The case of Tison v. Howard, 57 Ga. 410, cited by counsel for the plaintiff in error, is distinguishable from the case at bar. In that case, Howard, the owner of certain cotton, which he desired to ship to his factors, Tison & Gordon, received from the transportation company duplicate bills of lading therefor, indorsing both of the bills of lading in blank and sending the original to the factors and depositing the duplicate with Lampkin & Company, bankers, for safekeeping and for no other purpose. The bailee bankers indorsed the duplicate bill of lading and by attaching it to a draft drawn upon the factors obtained an amount of money thereon. The owner of the cotton thereafter brought suit against the factors and tbe bankers to recover the value of the cotton as for a conversion. While there is some language in the opinion that might tend to militate against our conclusion in the instant case, the court in that case seemed to stress the fact that the bankers did not even draw-in express terms on the cotton mentioned in the bill of lading. Their drafts paid by the factors were drawn generally — not on this particular cotton. The bankers did not make any express pledge of the cotton or of the bill of lading. The owner himself was the consignor of the cotton and this appeared on the face of the bill of lading. -In the headnote it was said that the proper person to pass a bill of lading by indorsement is the consignee, not the consignor.

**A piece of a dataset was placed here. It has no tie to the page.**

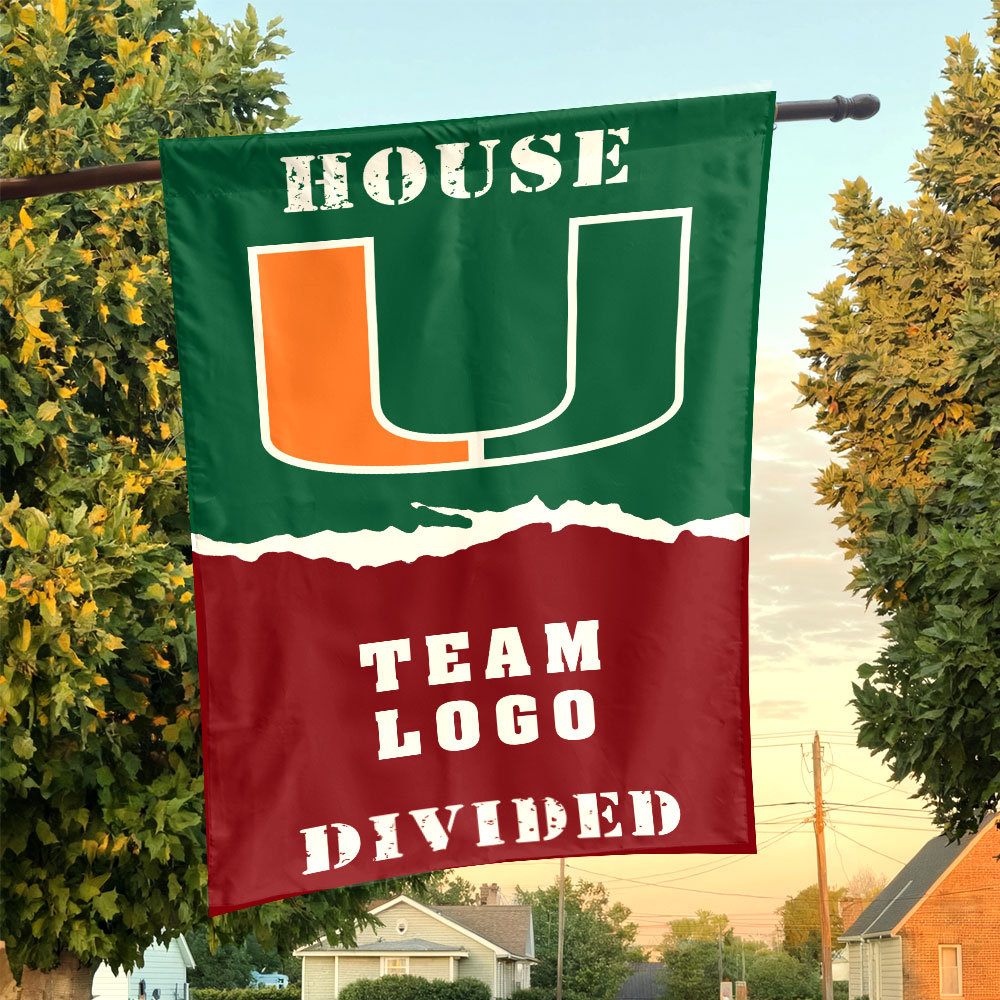 Hurricanes vs Custom Team House Divided Flag, NCAA House Flag Hurricanes vs Custom Team House Divided Flag, NCAA House Flag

If the bankers had pledged the bill of lading, or had drawn upon the particular cotton covered thereby, a different question would have been presented.

If the county order was not a negotiable instrument, but was merely assignable as a chose in action, it is true that the defendant bank took it subject to the equities existing between the original parties, and would not be protected against a defense interposed by the maker, but this principle has no application here, since the issue as between the bank and the payee involves no right of the maker, the County of Thomas, to assert a defense. While the writer is of the opinion that the instrument could not be classed as a negotiable instrument, we still deem it unnecessary to decide this question.

Rehearing denied.

Jenkins,. P. J., and Stephens, J., concur.